Starting at the top line and ending at the last, restate the records exactly.

Records for the task Start Marker

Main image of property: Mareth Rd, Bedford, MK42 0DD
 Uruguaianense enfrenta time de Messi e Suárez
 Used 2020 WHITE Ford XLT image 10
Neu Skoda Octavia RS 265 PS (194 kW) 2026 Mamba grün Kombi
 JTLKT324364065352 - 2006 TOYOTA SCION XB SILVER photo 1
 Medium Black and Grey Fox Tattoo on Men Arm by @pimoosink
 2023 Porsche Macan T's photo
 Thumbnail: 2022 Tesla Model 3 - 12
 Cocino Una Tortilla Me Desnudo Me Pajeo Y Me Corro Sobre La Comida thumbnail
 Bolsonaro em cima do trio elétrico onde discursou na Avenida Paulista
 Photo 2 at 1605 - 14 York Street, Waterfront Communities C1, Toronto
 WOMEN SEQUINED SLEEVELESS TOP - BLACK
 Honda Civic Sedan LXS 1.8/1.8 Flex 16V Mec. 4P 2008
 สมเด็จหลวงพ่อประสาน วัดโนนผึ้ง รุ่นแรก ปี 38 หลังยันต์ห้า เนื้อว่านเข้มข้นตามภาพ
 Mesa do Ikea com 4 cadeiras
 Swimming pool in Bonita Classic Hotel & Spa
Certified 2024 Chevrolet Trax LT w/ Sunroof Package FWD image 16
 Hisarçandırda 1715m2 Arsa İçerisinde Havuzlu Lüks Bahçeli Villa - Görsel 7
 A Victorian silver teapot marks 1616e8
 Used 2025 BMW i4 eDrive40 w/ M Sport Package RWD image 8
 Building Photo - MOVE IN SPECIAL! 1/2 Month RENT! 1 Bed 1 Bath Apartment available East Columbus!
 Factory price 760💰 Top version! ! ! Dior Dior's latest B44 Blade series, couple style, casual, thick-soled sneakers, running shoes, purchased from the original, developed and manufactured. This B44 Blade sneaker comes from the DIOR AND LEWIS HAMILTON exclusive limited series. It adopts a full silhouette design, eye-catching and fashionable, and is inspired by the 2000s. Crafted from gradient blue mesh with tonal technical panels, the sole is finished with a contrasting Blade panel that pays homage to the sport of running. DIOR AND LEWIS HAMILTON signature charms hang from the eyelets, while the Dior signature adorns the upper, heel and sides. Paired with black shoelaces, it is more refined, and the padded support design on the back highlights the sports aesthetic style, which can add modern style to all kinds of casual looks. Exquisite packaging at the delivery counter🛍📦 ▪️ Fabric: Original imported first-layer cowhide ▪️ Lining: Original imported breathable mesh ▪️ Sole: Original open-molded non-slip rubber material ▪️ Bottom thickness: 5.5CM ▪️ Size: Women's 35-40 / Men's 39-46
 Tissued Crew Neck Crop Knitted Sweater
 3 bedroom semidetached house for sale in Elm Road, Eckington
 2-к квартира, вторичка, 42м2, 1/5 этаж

Records for the task End Marker

▶ [Solution for this task]:
Main image of property: Mareth Rd, Bedford, MK42 0DD
 Uruguaianense enfrenta time de Messi e Suárez
 Used 2020 WHITE Ford XLT image 10
Neu Skoda Octavia RS 265 PS (194 kW) 2026 Mamba grün Kombi
 JTLKT324364065352 - 2006 TOYOTA SCION XB SILVER photo 1
 Medium Black and Grey Fox Tattoo on Men Arm by @pimoosink
 2023 Porsche Macan T's photo
 Thumbnail: 2022 Tesla Model 3 - 12
 Cocino Una Tortilla Me Desnudo Me Pajeo Y Me Corro Sobre La Comida thumbnail
 Bolsonaro em cima do trio elétrico onde discursou na Avenida Paulista
 Photo 2 at 1605 - 14 York Street, Waterfront Communities C1, Toronto
 WOMEN SEQUINED SLEEVELESS TOP - BLACK
 Honda Civic Sedan LXS 1.8/1.8 Flex 16V Mec. 4P 2008
 สมเด็จหลวงพ่อประสาน วัดโนนผึ้ง รุ่นแรก ปี 38 หลังยันต์ห้า เนื้อว่านเข้มข้นตามภาพ
 Mesa do Ikea com 4 cadeiras
 Swimming pool in Bonita Classic Hotel & Spa
Certified 2024 Chevrolet Trax LT w/ Sunroof Package FWD image 16
 Hisarçandırda 1715m2 Arsa İçerisinde Havuzlu Lüks Bahçeli Villa - Görsel 7
 A Victorian silver teapot marks 1616e8
 Used 2025 BMW i4 eDrive40 w/ M Sport Package RWD image 8
 Building Photo - MOVE IN SPECIAL! 1/2 Month RENT! 1 Bed 1 Bath Apartment available East Columbus!
 Factory price 760💰 Top version! ! ! Dior Dior's latest B44 Blade series, couple style, casual, thick-soled sneakers, running shoes, purchased from the original, developed and manufactured. This B44 Blade sneaker comes from the DIOR AND LEWIS HAMILTON exclusive limited series. It adopts a full silhouette design, eye-catching and fashionable, and is inspired by the 2000s. Crafted from gradient blue mesh with tonal technical panels, the sole is finished with a contrasting Blade panel that pays homage to the sport of running. DIOR AND LEWIS HAMILTON signature charms hang from the eyelets, while the Dior signature adorns the upper, heel and sides. Paired with black shoelaces, it is more refined, and the padded support design on the back highlights the sports aesthetic style, which can add modern style to all kinds of casual looks. Exquisite packaging at the delivery counter🛍📦 ▪️ Fabric: Original imported first-layer cowhide ▪️ Lining: Original imported breathable mesh ▪️ Sole: Original open-molded non-slip rubber material ▪️ Bottom thickness: 5.5CM ▪️ Size: Women's 35-40 / Men's 39-46
 Tissued Crew Neck Crop Knitted Sweater
 3 bedroom semidetached house for sale in Elm Road, Eckington
 2-к квартира, вторичка, 42м2, 1/5 этаж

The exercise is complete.